Bölüm 16

59K 3.1K 170
                                    

Multimedya: Eymen Ataoğlu

Keyifli okumalar :)

**

Eymen'in kapısından çıkarken bir anda Arda Aslanoğlu ile karşılaşmıştım yani namı diğer sevgili patronumla. Eymen arkamda, o önümde saçma bir durumda donup kaldık. Arda beyin gözleri hala şaşkınlıkla benim üzerimdeydi, bense hala gözlerimi ondan alamıyordum.

Sonunda ağzımı açıp "Arda Bey" demiştim, benimle aynı anda Eymen'de "Arda hoş geldin" demişti.
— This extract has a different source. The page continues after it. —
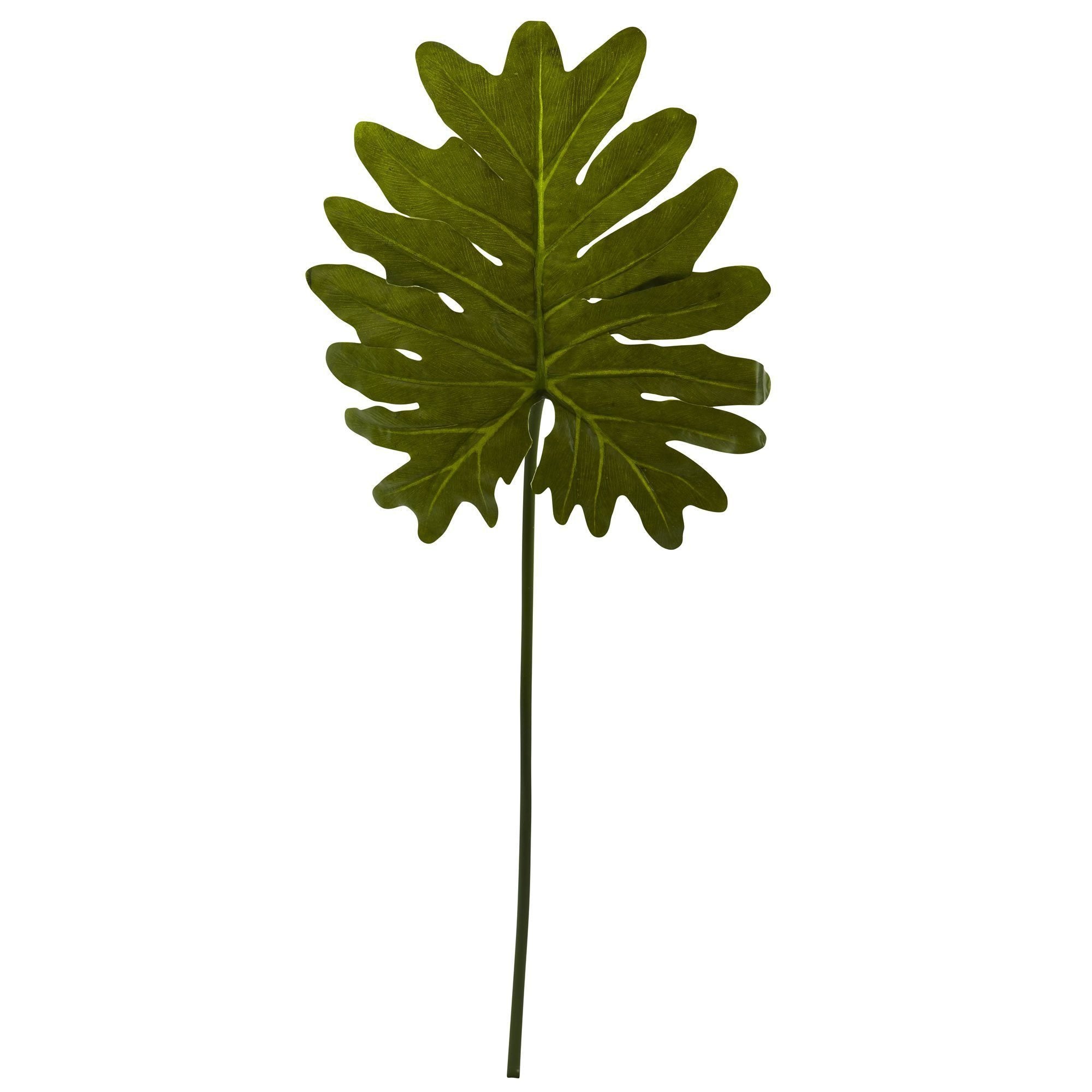 single leaf plant Selloum Philo Single Leaf Stem (Set of 12)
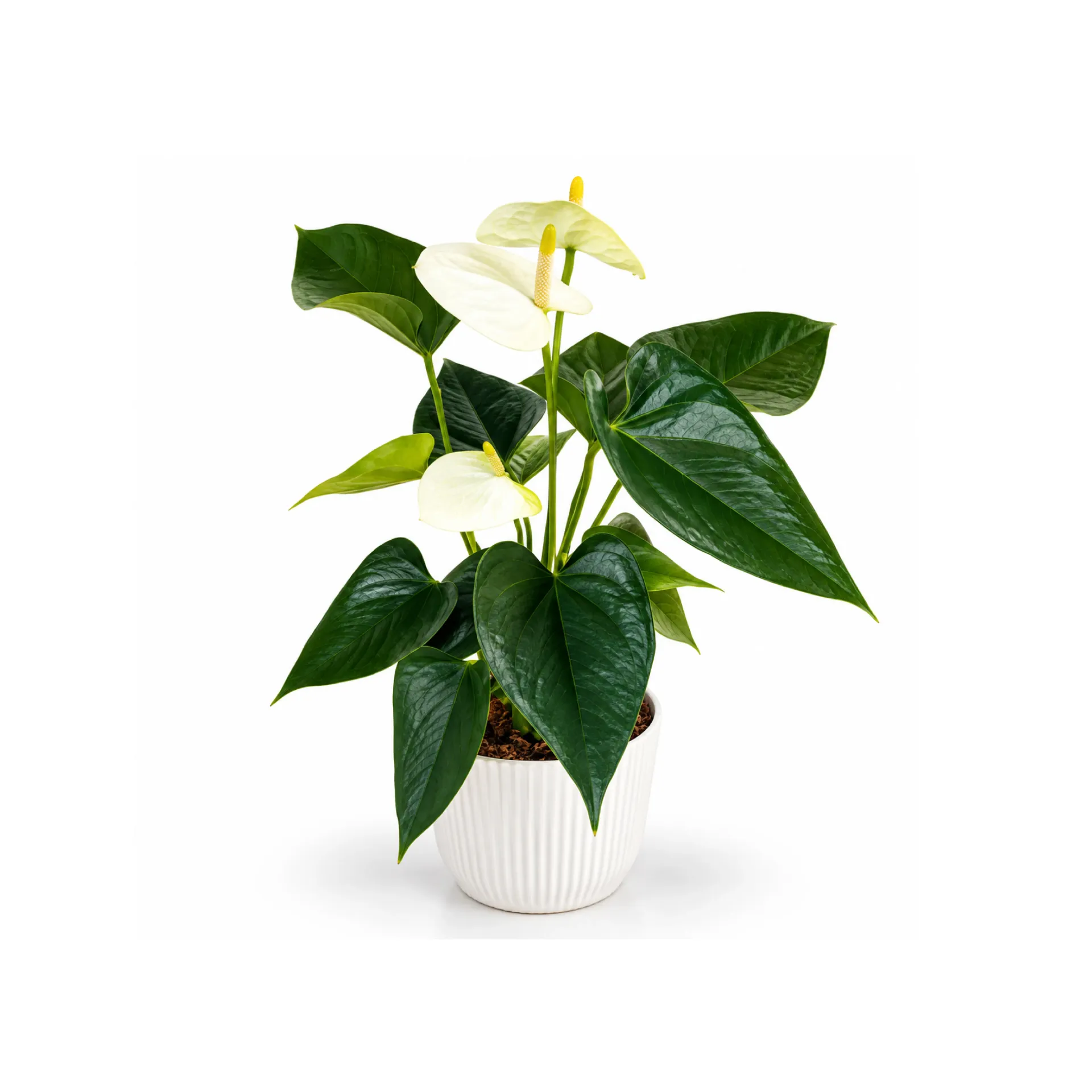 Planta de Anturio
Hasta ziyaretine geldim diye bana bela muamelesi yapan Eymen bey nedense Arda beyi görünce 'hoş geldin' deyip gülümsemişti de, az önce yaptıklarına sinirlenmeyen ben şu anda sinirden ölüyordum!

Eymen'e dönüp "A hoş geldin kelimesini biliyormuşsun" dedim.

"Sadece sevdiğim insanlara o kelimeyi kullanırım çünkü yalnızca onlar bana hoş gelir"

İşte şimdi beni kırmayı başarmıştı kendime verdiğim tüm o pes etmeyeceğim gazları o anda bitip tükenmişti. En son Dilara beni bu hale getirmişti şimdi de Eymen; bir daha bu pisliğin yüzünü görmek bile istemiyordum.

O anda bana bakan Arda ile göz göze gelmiş onun karşımda olduğunu hatırlamıştım. Gözlerinde bu sefer anlamlandıramadığım bir ifadeyle bakıyordu.

"Arda bey Eymen'le tanışıyorsunuz sanırım"

İş görüşmesinin olduğu günkü takındığı tavırdan uzak gayet hoş bir tavırla hatta gülümseyerek bana cevap verdi. "Eymen kuzenim yani teyzemin oğlu, yaralandığını duyunca ziyaretine geldim"

"Öyle mi sizin için üzüldüm, yarın ilk iş günümde görüşmek üzere, iyi günler" deyip Eymen'e bakmaya zahmet etmeden asansöre doğru yürüdüm. Asansöre binmeden önce en son Arda Bey'in, Eymen'e "demek beni seviyorsun" dediğini duydum, sonrasını duymak için biraz beklesem de kapı kapanma sesini duyup onların eve girdiğinden emin olunca ben de asansöre bindim.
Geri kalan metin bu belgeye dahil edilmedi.